(Brief descriptive captions)
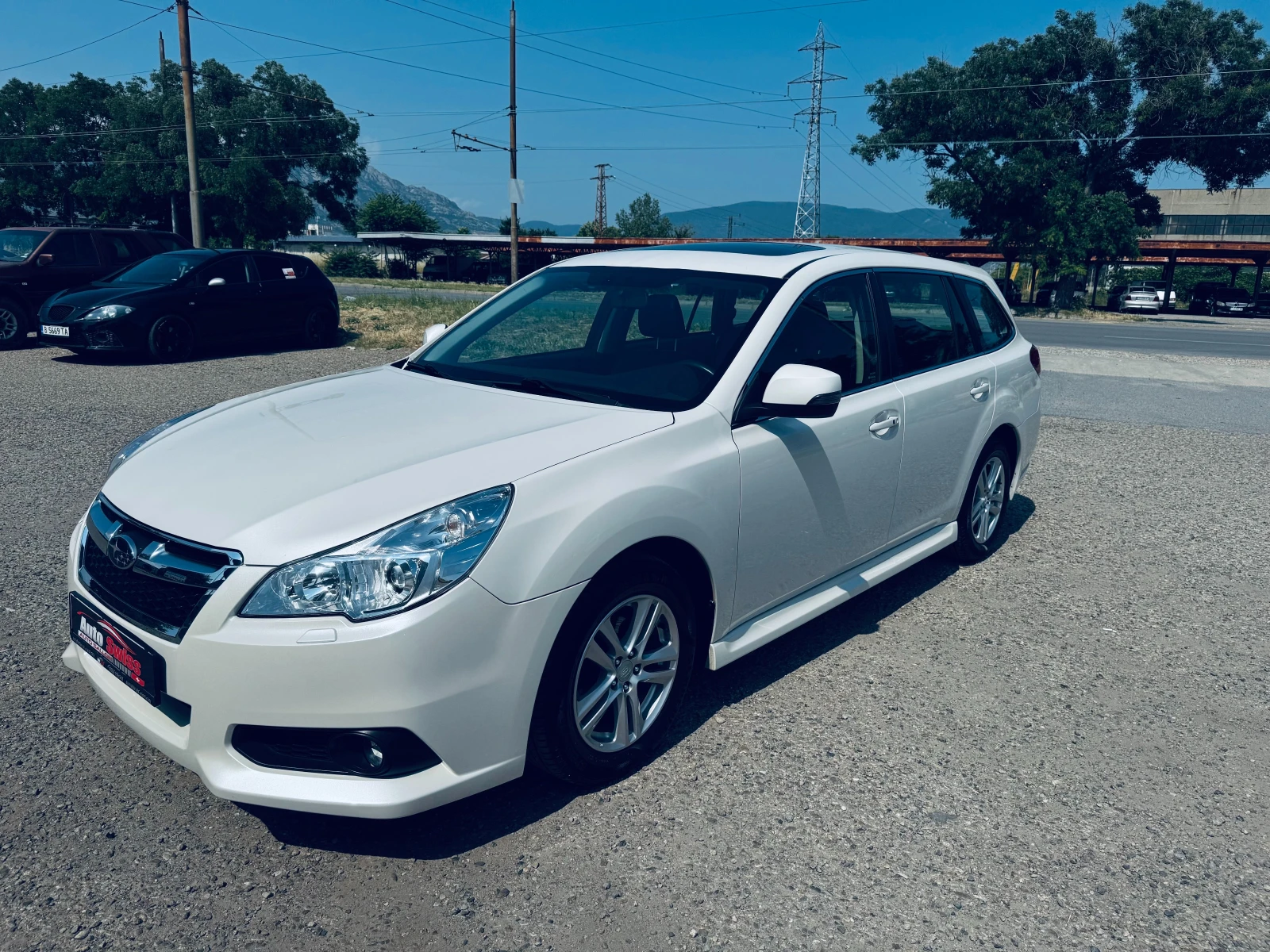 Subaru Legacy  ТОП СЪСТОЯНИЕ 2, 0 150 к.с.Внос от Швейцария  - изображение 3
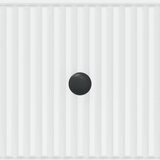 Ormar s ladicama Bijela 33 x 34 5 x 90 cm Konstruirano drvo - Bijela | shoptok.hr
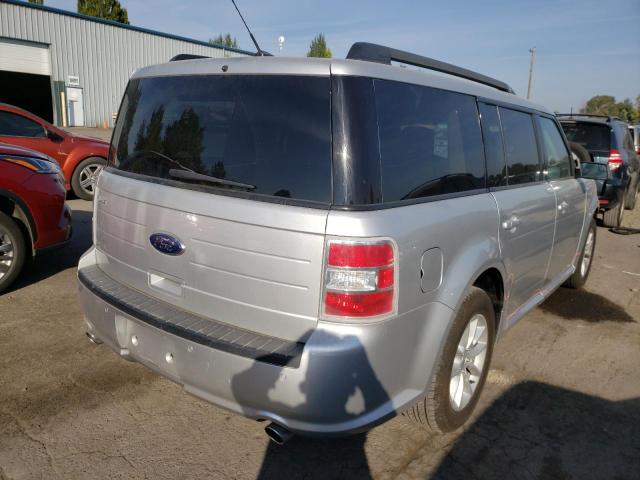 Photo 3 VIN: 2FMGK5B80EBD17660 - FORD FLEX SE 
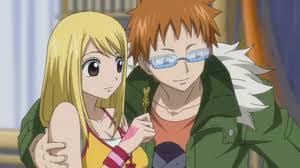 Natsu And Lucy Didn'T Kiss Each Other In The Fairy Tail Manga. Do You Think  That They Will Kiss Or Get Married In The Anime? - Quora
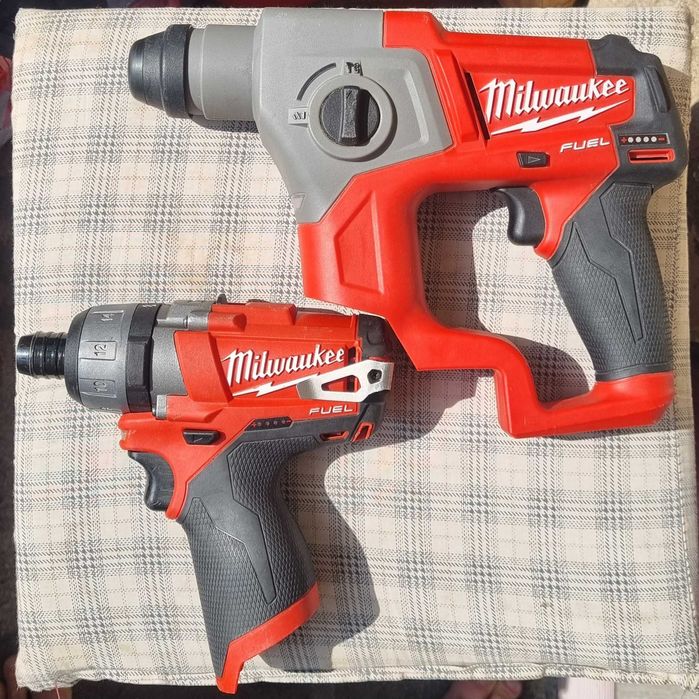Milwaukee M12 FUEL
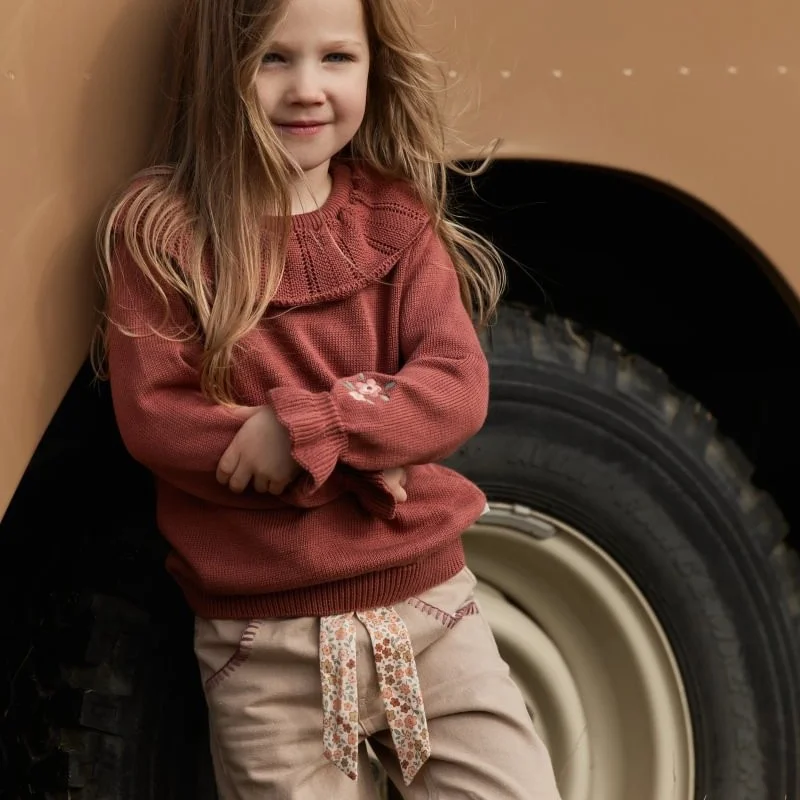 Панталони Safari Friends Soft Taupe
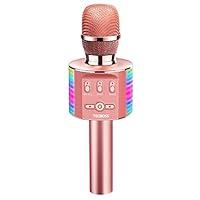 Algopix Similar Product 19 - TECBOSS Microphone for Kids Toys for 4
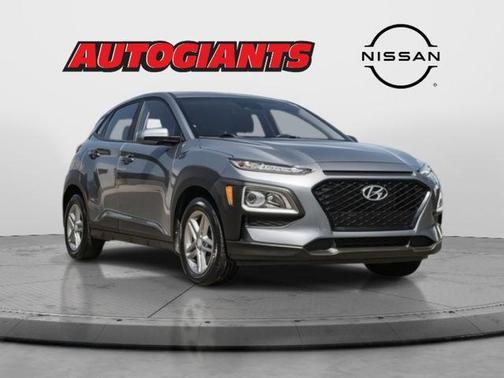 2021 Hyundai KONA SE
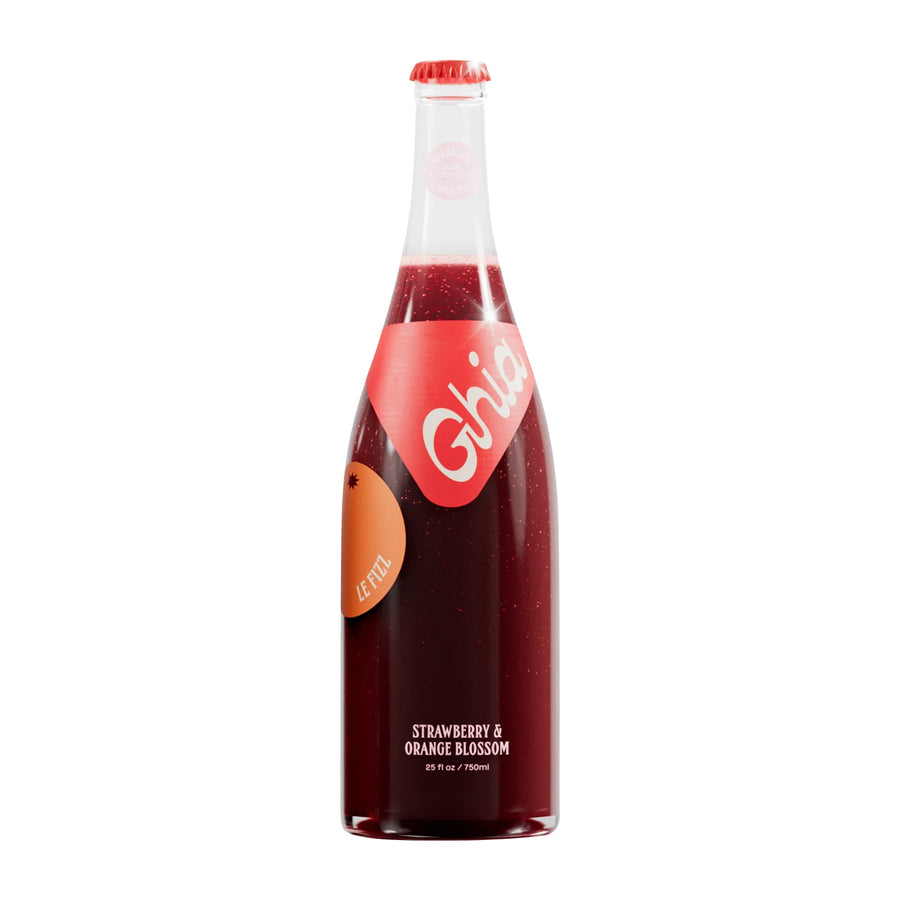 Ghia Le Fizz non alcoholic drink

* Exercise details *
Extract, verbatim and alone, the lines from the line that contains "Photo 3 VIN: 2FMGK5B80EBD17660" to the last line of the records, inclusive; drop any picture.

* Exercise output *
 Photo 3 VIN: 2FMGK5B80EBD17660 - FORD FLEX SE 
 Natsu And Lucy Didn'T Kiss Each Other In The Fairy Tail Manga. Do You Think  That They Will Kiss Or Get Married In The Anime? - Quora
Milwaukee M12 FUEL
 Панталони Safari Friends Soft Taupe
 Algopix Similar Product 19 - TECBOSS Microphone for Kids Toys for 4
 2021 Hyundai KONA SE
 Ghia Le Fizz non alcoholic drink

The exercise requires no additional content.